Higon":12tfk0r9 said:


> I've got the original manual for the DW110 (off ebay), if you get no joy there or elsewhere, drop me a pm. It looks to be the original manual that came with that model of saw. It covers installation, setup, maintenance etc. I believe it to be circa 1985.
> 
> It was a while ago I looked into these but IIRC the 1370 is the 12" version of the 110? Of course I could be recalling incorrectly!


 Thanks! I Googled 'DW110' and came up with what appears to be a pdf of the same manual that you have? DW110 Manual 

It certainly looks like the same type of design, so I should be able to use it to help set up my 1370.

By 'eck, its a bit of a beast tho'. I've got no idea how the seller lifted the saw complete into the back of my car from his back garden on his own. I can only use one arm/hand, hence buying a RAS (I think it should be safer for me than a table saw or circular saw), but even though my neighbour works in the building industry, both he and I stuggled to lift it together out of my car into my garage. They certainly made them heavy duty back then (70's or 80's?).


----------



## Higon (8 Jan 2015)

yep, thats the one. although the scan does nothing to share the garish orange colour of the front page! The quality of the photos is also a bit iffy in places but if you can't make them out let me know. I'll PM you some other good info I have about it, (from an operator who used one in anger as it were.) I'm not going to post the info on a public thread as the Health Safety elves will be falling over each other hijacking the thread with unsolicited advice!

That's strange, it took two of us to get it from the car too! lol... (I'm sure I had the heavy end). The 1940 / 50's versions were apparently even heavier, imagine cast iron instead of plastic parts? Portable they were not.

Something you might be able to help me with, if you have it; part numbers 5080, 5084, 5088, 5092. I'm looking for the dimensions for them. I had some shards of chipboard hanging onto the bolts but not enough to make out the correct sizes. I've got a huge lump of kitchen worktop attached to it at the moment but it doesn't look right.


----------



## misterfish (8 Jan 2015)

I haven't got anything specifically for the 1370, but many of the older DW RAS were similar. My 1251 came with the DW manual http://www.drosera.f2s.com/RAS/DW1251.pdf and also the Powershop manual that gives a lot more information http://www.drosera.f2s.com/RAS/DeWalt_P ... ndbook.pdf

Misterfish


----------



## jumps (8 Jan 2015)

misterfish":3noc45g0 said:


> I haven't got anything specifically for the 1370, but many of the older DW RAS were similar. My 1251 came with the DW manual http://www.drosera.f2s.com/RAS/DW1251.pdf and also the Powershop manual that gives a lot more information http://www.drosera.f2s.com/RAS/DeWalt_P ... ndbook.pdf
> 
> Misterfish



really useful

acquired an ELU branded version which looks pretty much identical

having scanned these I wonder why I'm only using this for basic cross cutting! Now where to get the basic router mounting from :?: I suspect the pof 500 is 43mm (and will be checking in a moment!


----------



## misterfish (9 Jan 2015)

jumps":2q6d2u3f said:


> acquired an ELU branded version which looks pretty much identical
> 
> having scanned these I wonder why I'm only using this for basic cross cutting! Now where to get the basic router mounting from :?: I suspect the pof 500 is 43mm (and will be checking in a moment!
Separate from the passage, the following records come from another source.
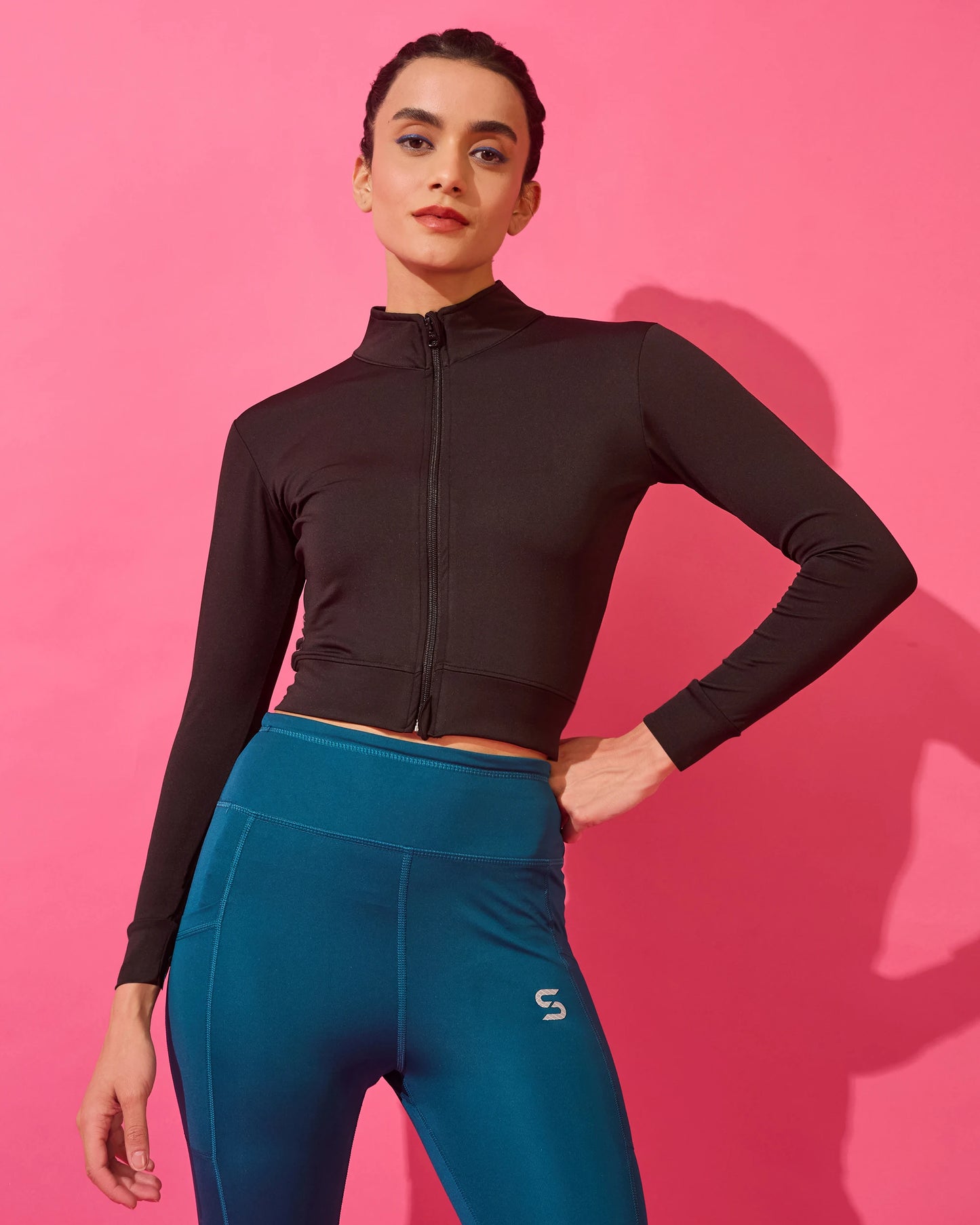 Jet Black Performance Zip-Up Jacket
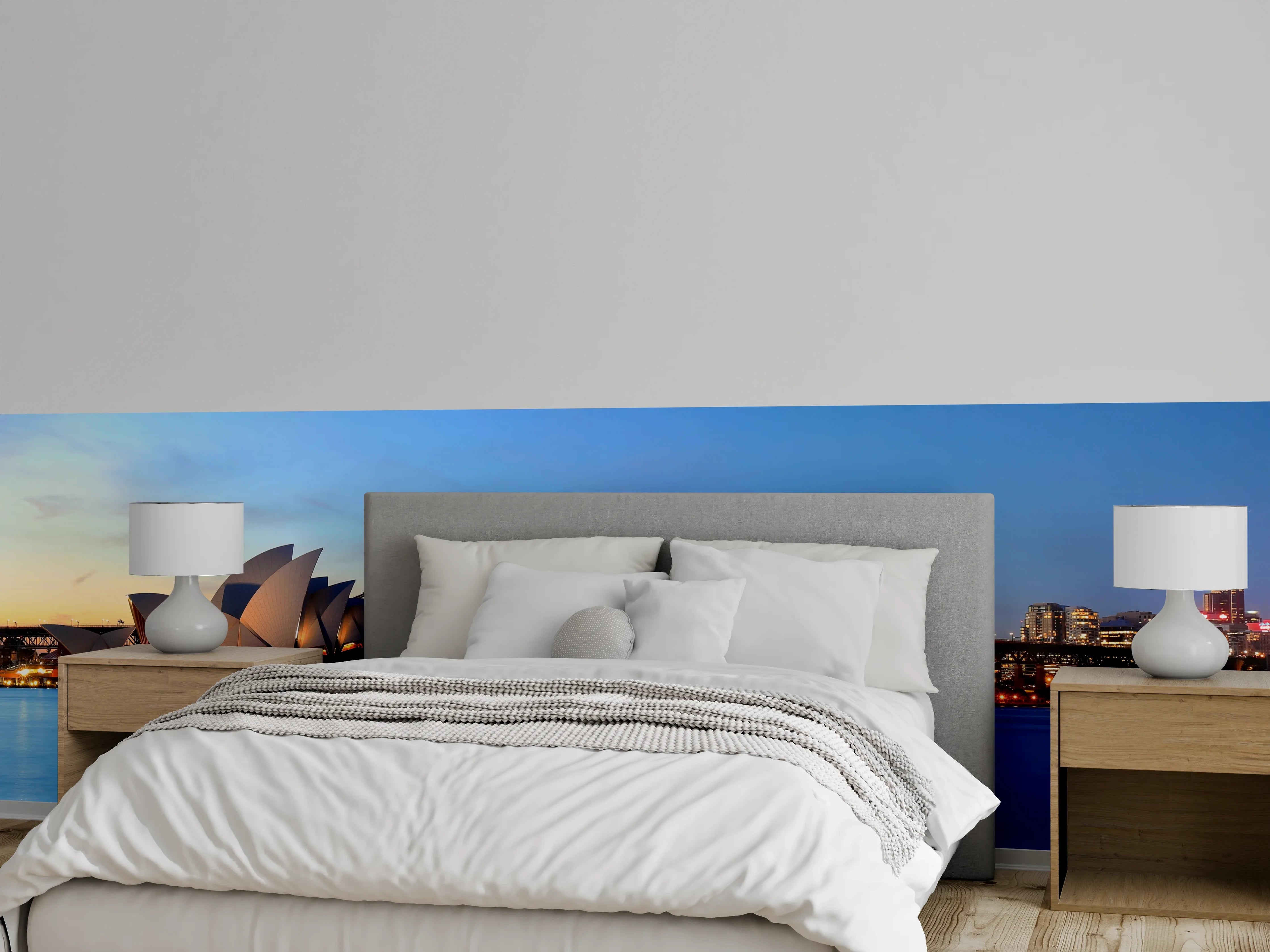 Wandverkleidung Schlafzimmer - Sydney Skyline bei Sonnenuntergang Panorama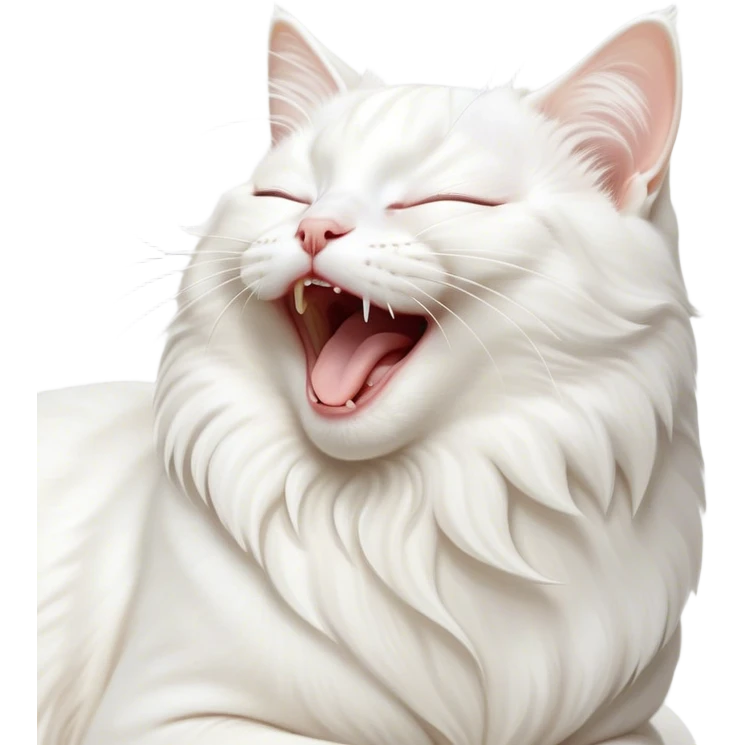 Cinematic Cute Yawning White Cat Portrait Emoji, Head gently tilted with an endearing, wide-open yawn and softly closed eyes, showcasing a pristine white fur with delicate hints of silver, simplified yet irresistibly adorable, highly detailed, glowing with a tender, cozy radiance, high shine, exuding sleepy charm and gentle affection, styled with a soft glowing outline, capturing the essence of a white cat caught mid-yawn, radiating pure, adorable lethargy! emoji
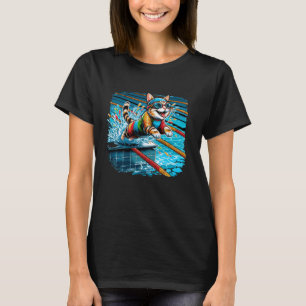 Purr-fect Swimmer Funny Cat Swimming Swim Coach Sw T-Shirt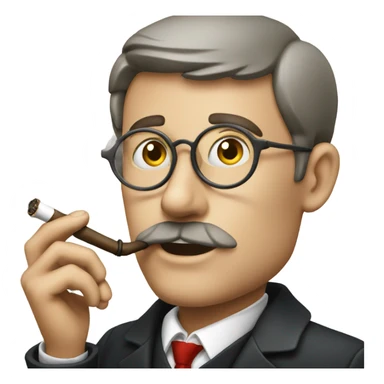 British person smoking a pipe sticker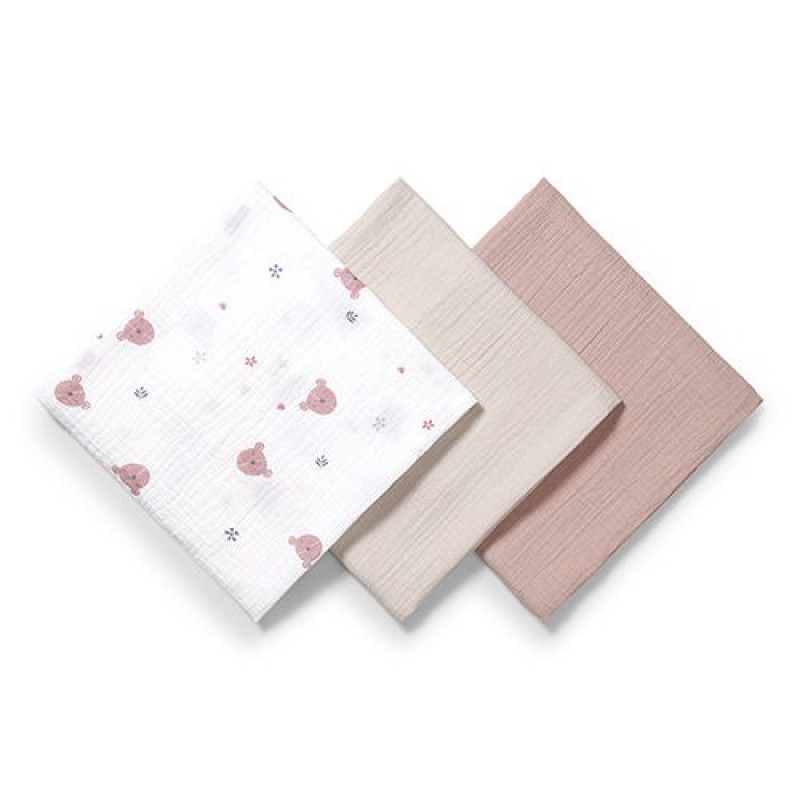 BabyOno: Βαμβακερές πάνες αγκαλιάς - μουσελίνες 70x70 cm (Σετ 3 τμχ)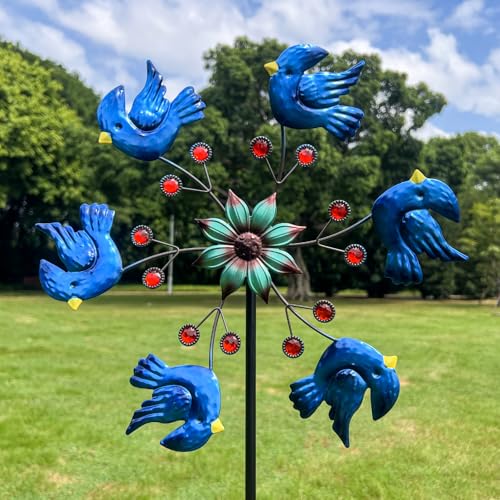 XLSWAIN Blue Bird Metal Wind Spinner Garden Decor, 48 Inch Outdoor Yard Spinner Sculpture for Patio Lawn & Garden Decorations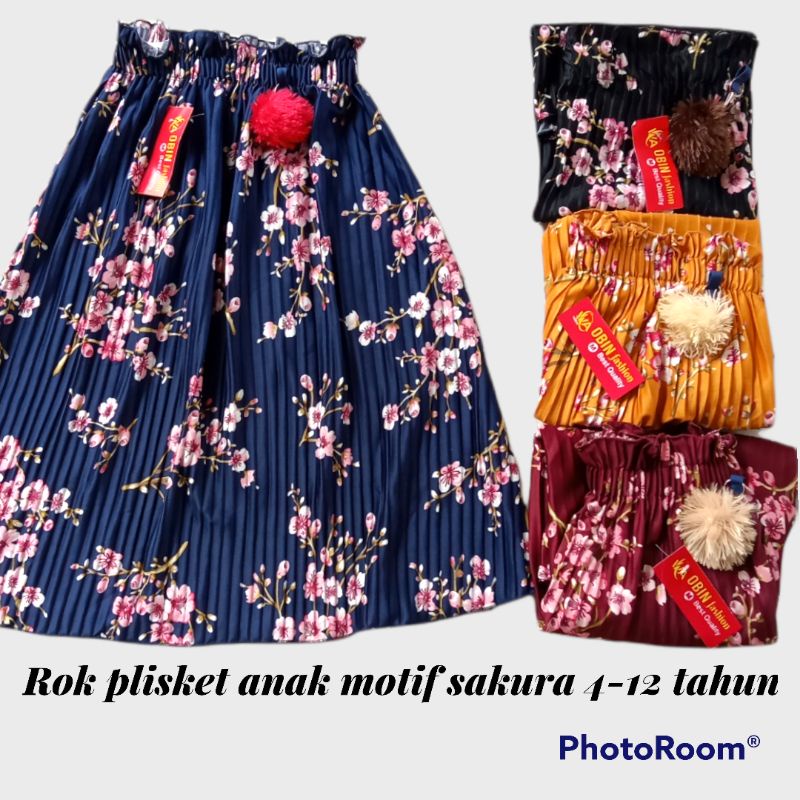 Rok plisket anak motif sakura umur 3-14 tahun/rok anak motif sakura bunga lili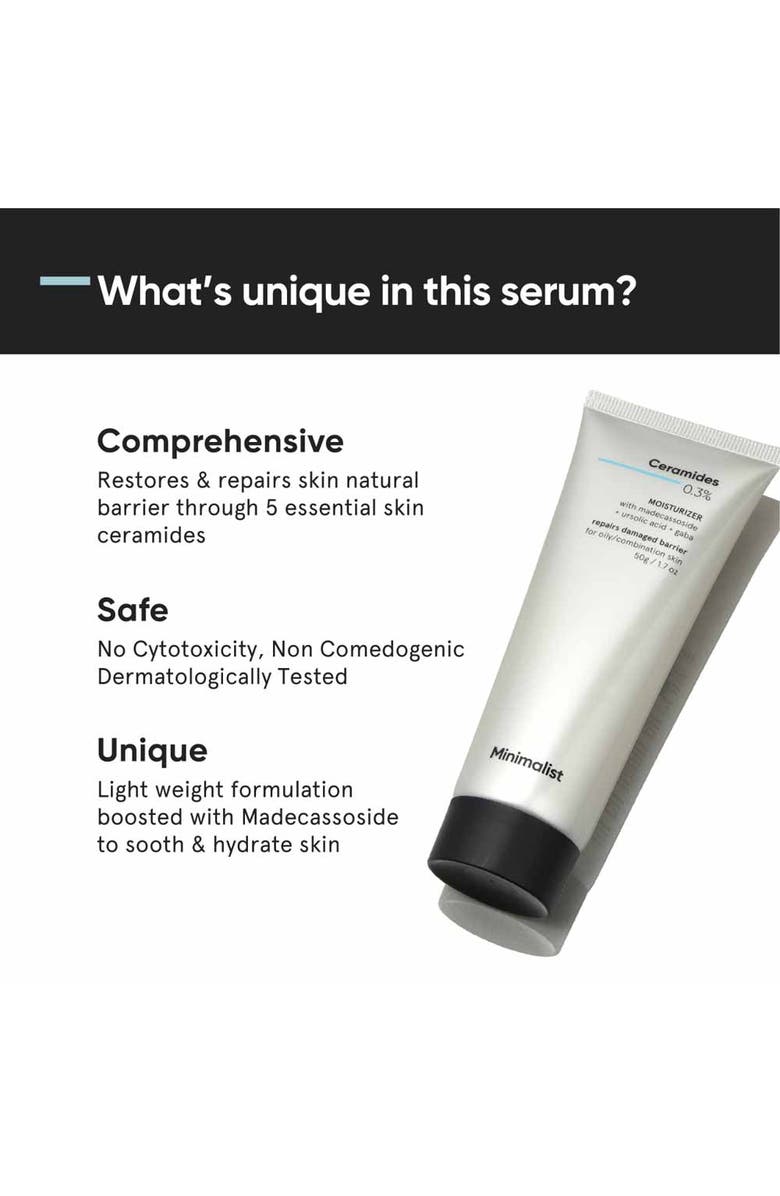 Minimalist Ceramides 0.3% Madecassoside Moisturizer, Alternate, color, 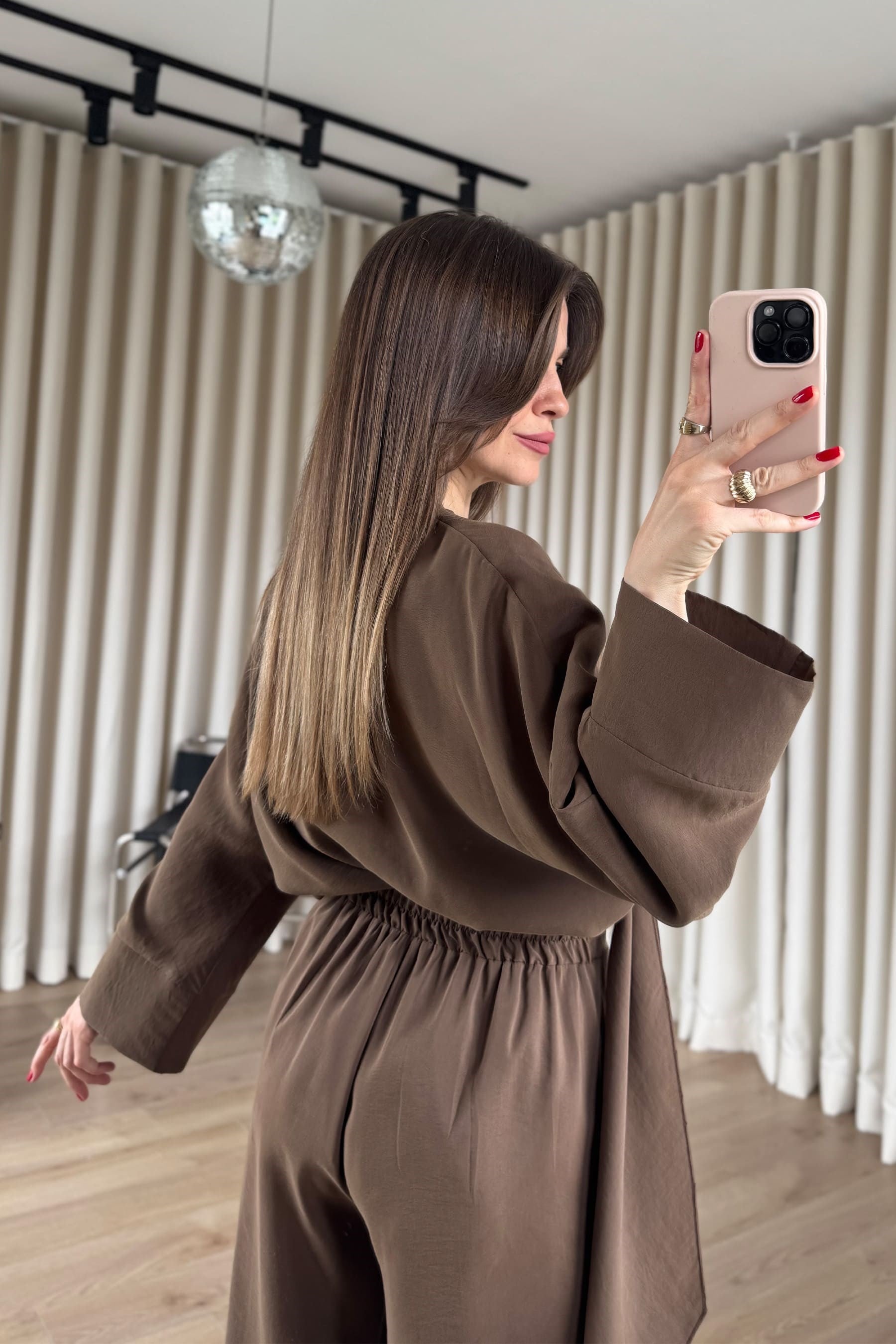 Kahverengi Şal Model Toka Detaylı Modal Pantolon Bluz Takım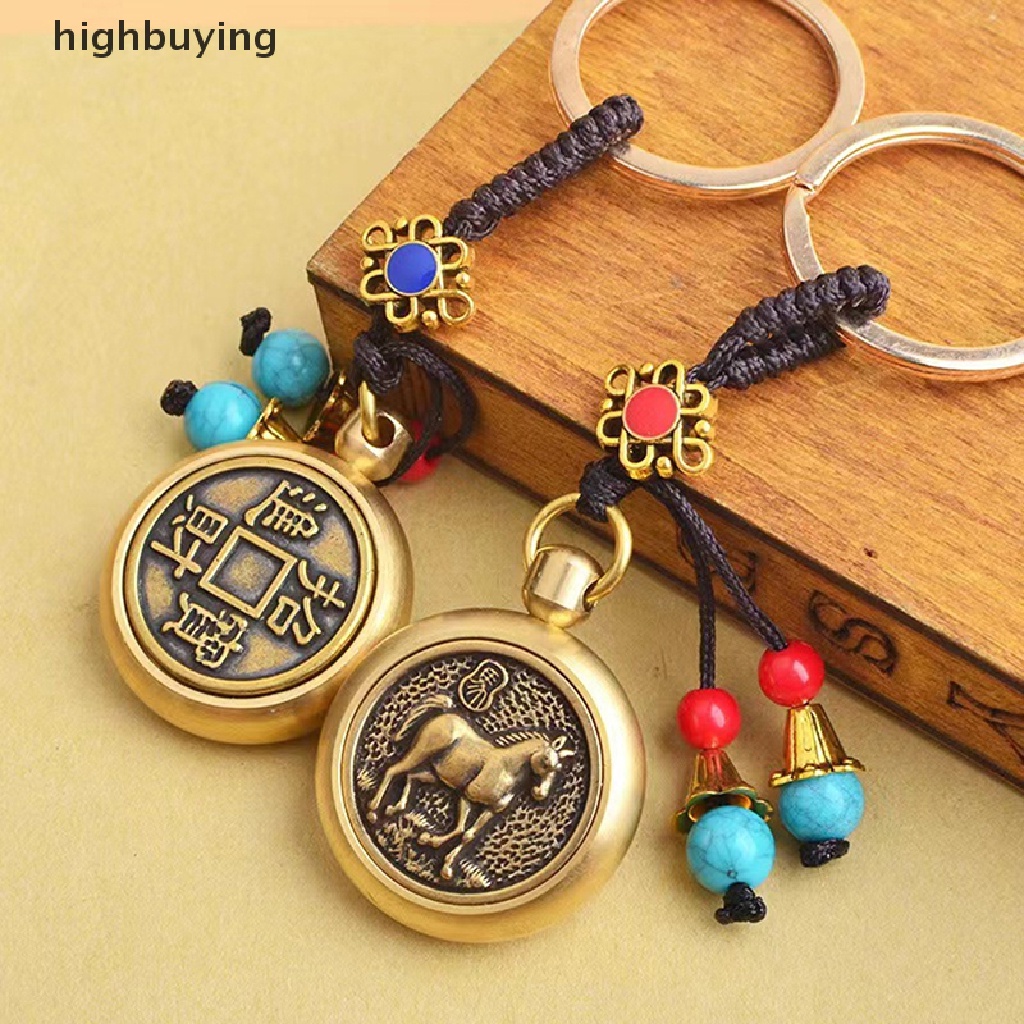 Hbvn Belle Feng Móc Khóa Xe Hơi Bằng Đồng Thau Nguyên Chất Thủ Công Hình Hoàng Đế Năm Cánh Phong Cách Trung Hoa Cổ Điển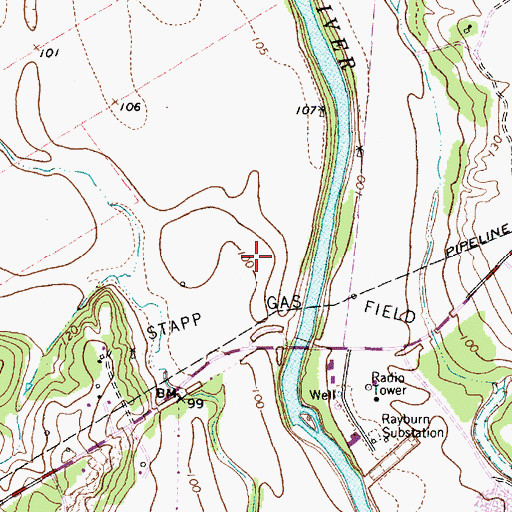 Topographic Map of Stapp Gas Field, TX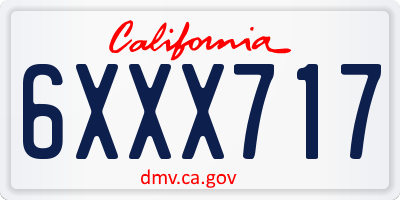 CA license plate 6XXX717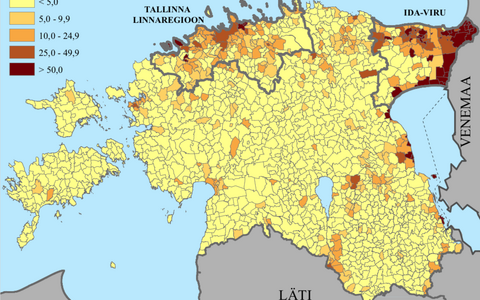Vene keelt kõnelevate elanike osakaal Eesti maa- ja linnapiirkondades.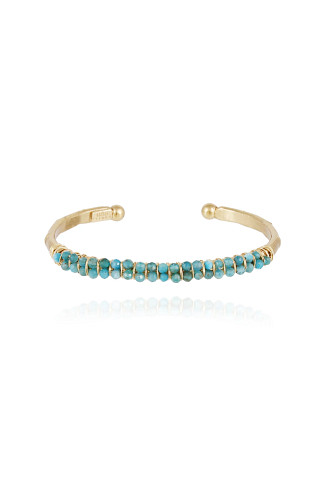 081 BLUE Large Gold Lyre Bangle Bracelet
Yes - Dewalt took over Elu and the machines are really the same.

As for the router brackets - my machine came with the smaller bracket which does fit my pof 500. As for where you can get one - I don't think thy are generally available now but (along with other useful RAS stuff) they do get listed from time to time on Ebay. 

Misterfish


----------



## SPinonit (10 Jan 2015)

Higon":bputahki said:


> Something you might be able to help me with, if you have it; part numbers 5080, 5084, 5088, 5092. I'm looking for the dimensions for them. I had some shards of chipboard hanging onto the bolts but not enough to make out the correct sizes. I've got a huge lump of kitchen worktop attached to it at the moment but it doesn't look right.


Sorry, I can't help you on this occasion, as it didn't come with those table parts - just with two blank mdf rectangles the previous owner had intended to make up.


----------



## SPinonit (11 Jan 2015)

I need another couple of bits of advice/info - if anyone is able to help?

I'm sure I read somewhere that the RAS can be broken down into three main parts for ease of transporting/handling and to help get it set up on the stand? As I onlu use one arm, lifting this bulky item onto the stand would be near impossible.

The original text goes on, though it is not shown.